The show of unity by dozens of Costa Mesa Police Assn. members, who packed the City Council Chambers Tuesday night, points to increasing political tension between Planning Commission Chairman Jim Righeimer and the police union.

Righeimer, a City Council candidate, is under fire from police for getting out of his car during a DUI checkpoint and arguing with officers over whether it made sense to screen for drunk drivers before an Estancia High School football game, slowing traffic to a snail's pace.

"It's pure politics," Righeimer said. "It's because of my position on pay and benefits."

During an Aug. 18 City Council forum debate, Righeimer repeatedly pointed his finger to the back of the room where representatives from the police and fire unions were present. Righeimer warned that the Police and Fire departments are watching carefully and are ready to bring down any candidate who stands in the way of their pension reform.

The city is in the middle of negotiations with its five union groups to find a way to close the budget deficit.

Although the police union plans to come out against Righeimer's candidacy for council, union President Allen Rieckhof contends that assertions that the planning commissioner abused his power at the checkpoint have nothing to do with contract negotiations nor with his philosophy on pension reform.

"Righeimer has no control over contract negotiations," Rieckhof said. "He will not have any control because it's the current council that has control over our contract. The public is mixing it up, thinking it's us against Righeimer. It's not because of political purpose."

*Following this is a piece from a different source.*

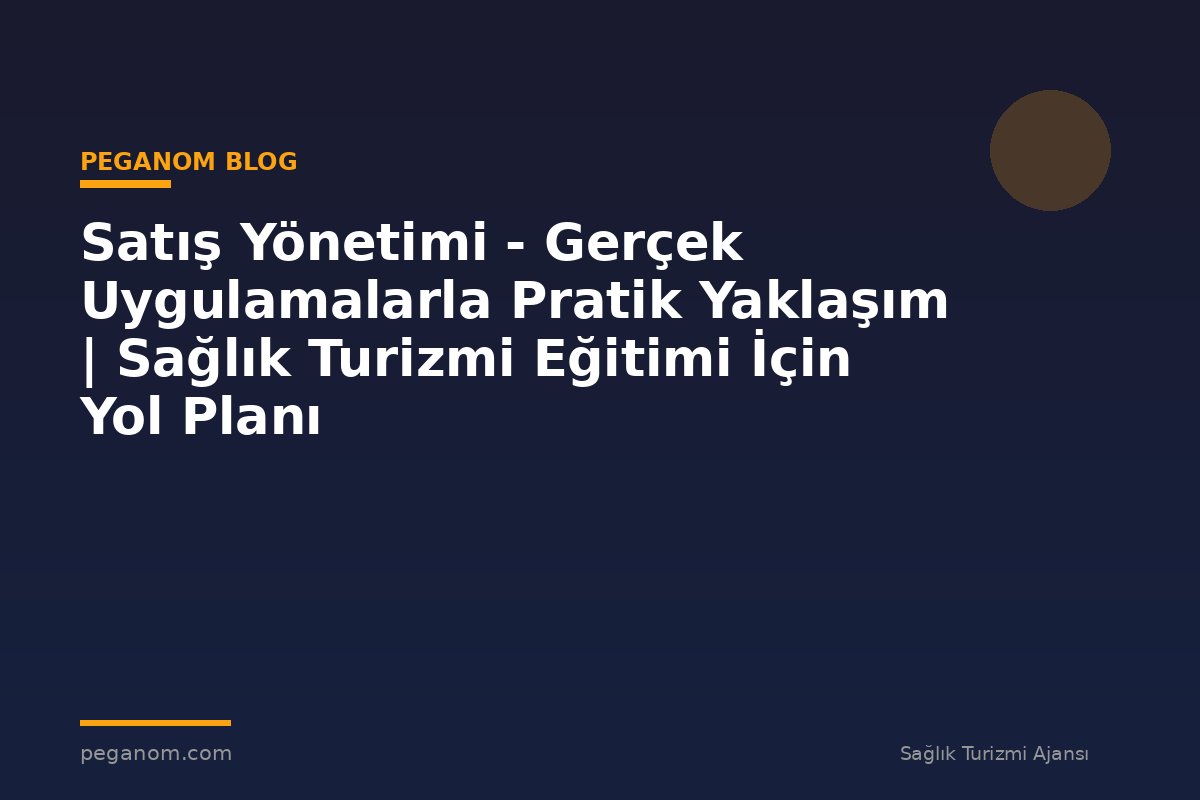 Satış Yönetimi - Gerçek Uygulamalarla Pratik Yaklaşım | Sağlık Turizmi Eğitimi İçin Yol Planı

Righeimer simply stepped out of line when he threatened to call Police Chief Chris Shawkey to shut down the operation, Rieckhof said.

"He created this situation," Rieckhof said. "He didn't just ask questions; he started making demands, throwing his weight around as a planning commissioner, and when he didn't get a reaction, he riled up some bystanders."

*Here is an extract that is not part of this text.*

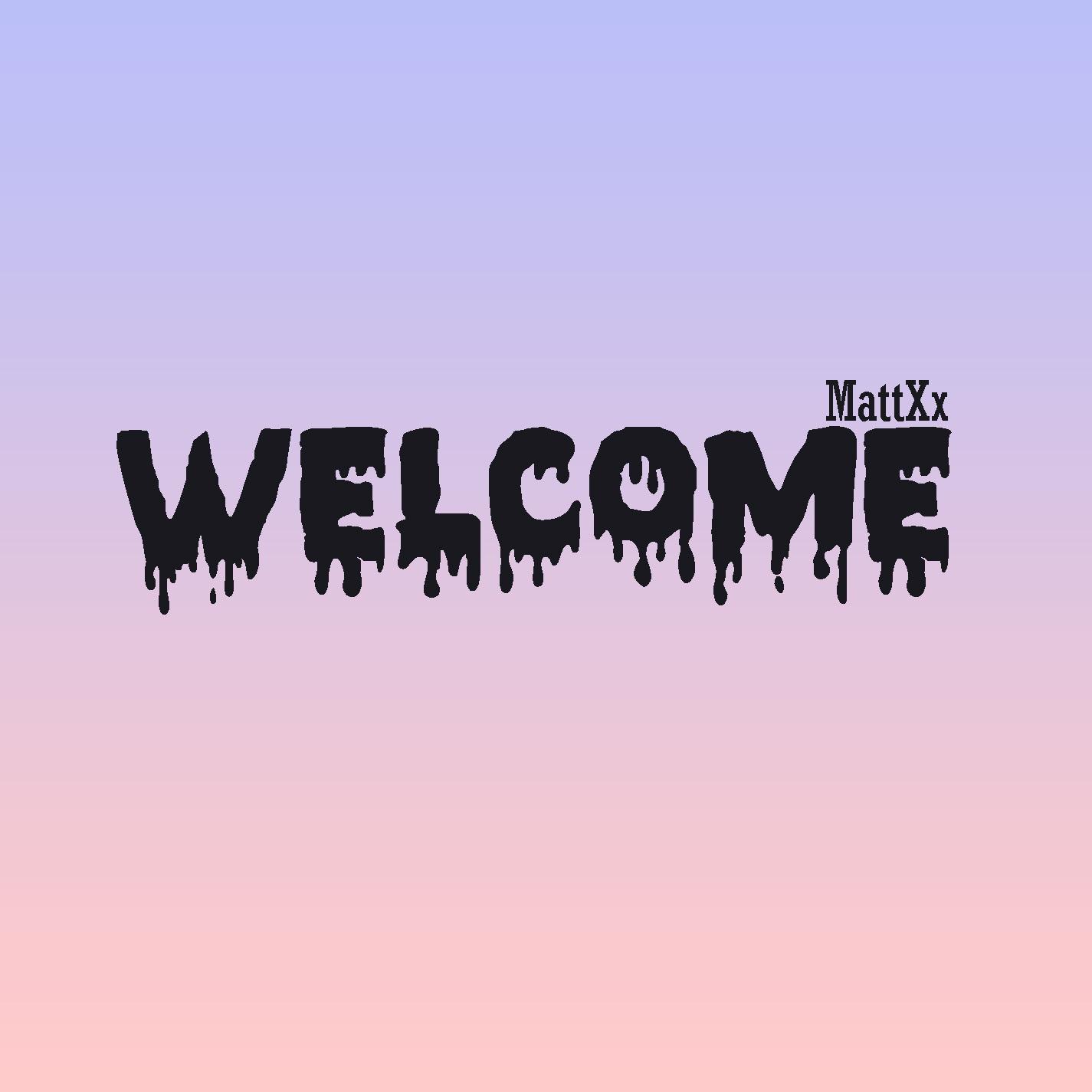 Welcome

Righeimer could have used a different approach to handle the situation, Rieckhof said, stressing that there's nothing wrong with asking questions. He could have called or e-mailed his concerns to the police chief or the traffic commander.

But Righeimer said he's not the type of person who watches on the sidelines. He claims he saw several near-accidents because of the traffic.

"Was it better to not do anything? I'm the kind of person who's going to say something right now," he said. "I don't drive by an accident and don't get out of my car. I've always been that way."

Councilwoman Wendy Leece supports both the investigation into what happened and the DUI checkpoints, saying that with the number of bars in Costa Mesa, the checkpoints save lives.

Mayor Allan Mansoor said it's critical to be objective until the city attorney completes her investigation.

"Nobody has all of the facts," he said. "It's difficult to jump to any conclusions just yet because no one has all of the facts."

Asked if the incident between police and Righeimer, who is close to a majority of the council members, has put the council in an awkward position, Mansoor said: "Things can always be done differently in hindsight. Until we know all the facts, it's difficult to jump to any conclusions."

Asked if he spoke privately to Righeimer about the DUI checkpoint incident, Mansoor wouldn't give a direct answer, but said, "Jim is a good guy and I support him, I talk to him."

Councilman Gary Monahan, who voted against accepting the California Office of Traffic Safety grants that fund the checkpoints, also reserved judgment.

Monahan, a restaurant and bar owner, also criticized the time and location of the checkpoint, questioning whether it was worth the money and trouble when only two people were arrested on suspicion of drinking and driving.

But Costa Mesa Homicide Det. Dana Potts, who lost his pregnant fiancée and unborn daughter to a drunk driver 22 years ago, said catching suspected drunks is more than worth it.